Broadspring Consulting

Managing Behaviour And Consequences


Behaviour creates Consequences and Intention drives behaviour

Managing people’s behaviour can be tough

Giving feedback on an employee’s behaviour can be challenging, and yet it needs to be done otherwise the undesired consequences will continue.

Some clients have said they are unsure of how to provide feedback without being too confronting or making a situation worse.

It can be most difficult when the behaviour itself is acceptable and yet the outcome or consequence it has created is unacceptable.

Behaviour is what we can observe.

It is also what can be corrected by training and feedback.

An employee’s behaviour is what is guided by workplace policy and procedure.

Behaviour is usually what other employees will complain about. Or comment on.

Behaviour is something that we often take very personally and suggesting change can feel risky and confronting.

When you speak to an employee do you focus purely on their behaviour or do you also discuss the impact or consequence of their behaviour?

Behaviour creates consequences

All behaviour creates consequences whether intended or not. It is these consequences that cause us to pay attention to a behaviour.

That attention can be positive and encouraging more of the behaviour.
Our attention can be to end the negative consequences and seek to modify the behaviour.

The consequences are what managers need to be tuned in to and also what need to motivate change in the individual behaving.

When an employee is behaving in ways that create negative consequences and shows no care or concern for those consequences, there is a significant concern.

At times as manager or team leader you will be aware of wider ranging consequences of behaviour that the employee may nor have access to.

Discussing consequences makes the conversation about work and the business rather than personal to the individual.
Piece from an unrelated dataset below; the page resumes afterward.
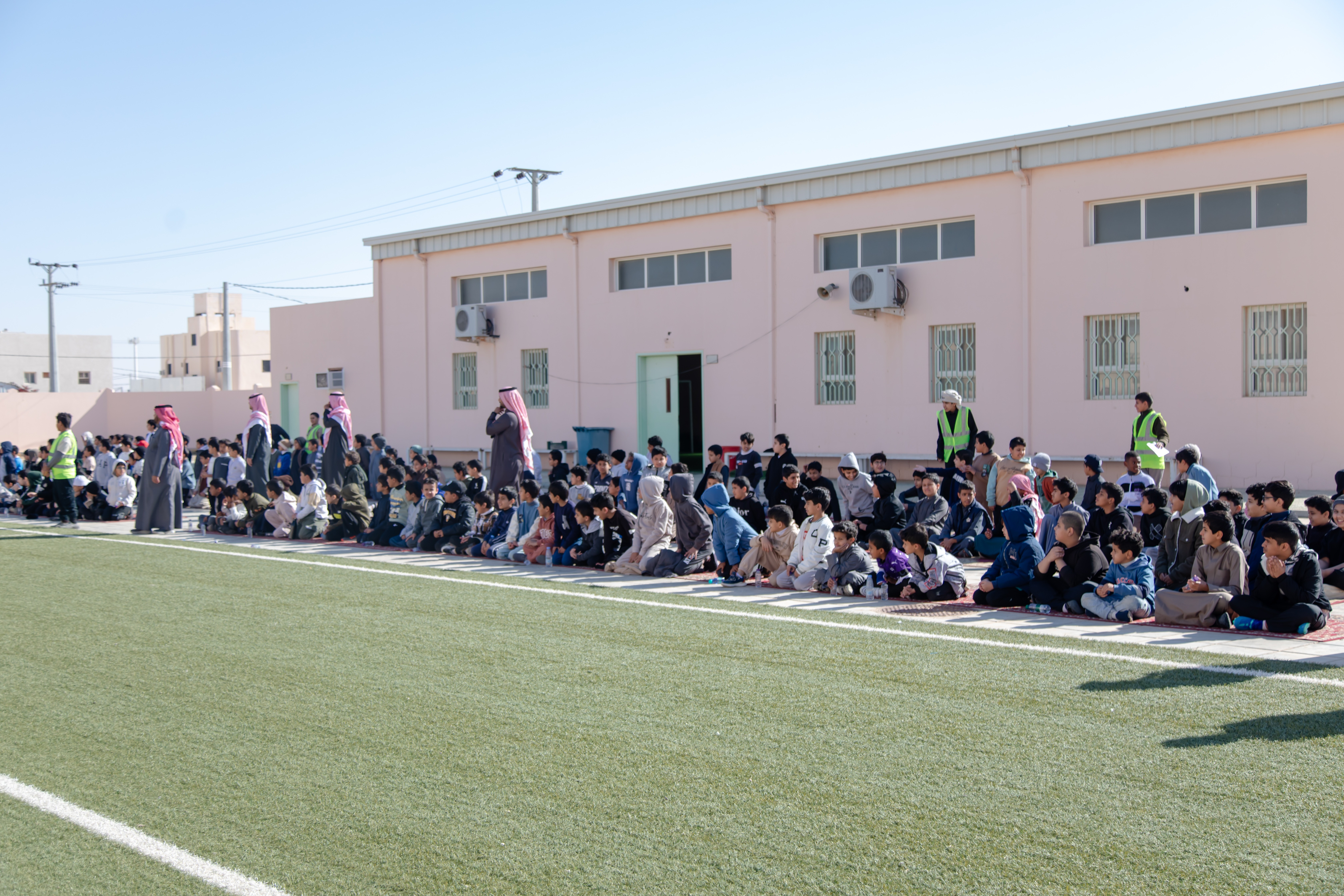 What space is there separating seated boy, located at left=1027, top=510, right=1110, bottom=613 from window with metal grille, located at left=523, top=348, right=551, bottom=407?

In this way discussing consequences can be just as effective and less threatening.

Intention is the unspoken driver and also a change lever.

At times it can be difficult to “break through” in a conversation about the need for behaviour change.

Approaching a performance feedback conversation believing that the person did not intend to create the negative consequences that they did is most effective.

It also allows a powerful conversation opener
“When you did (describe the behaviour) what was it that you were hoping the outcome would be?

This allows individuals who were unaware to be made aware gently yet clearly.

It also cuts through to unintended consequences.
One coaching client deleted an Update item from her team meeting agenda as everyone was under time pressure. Her intention was to save time. Team members seemed more tense after a few meetings so she check in with them (at my suggestion) only to find that those Update time son the agenda were a key part of the team feeling connected and united.

Understanding the links between Intention Behaviour and Consequences can have significant positive effects.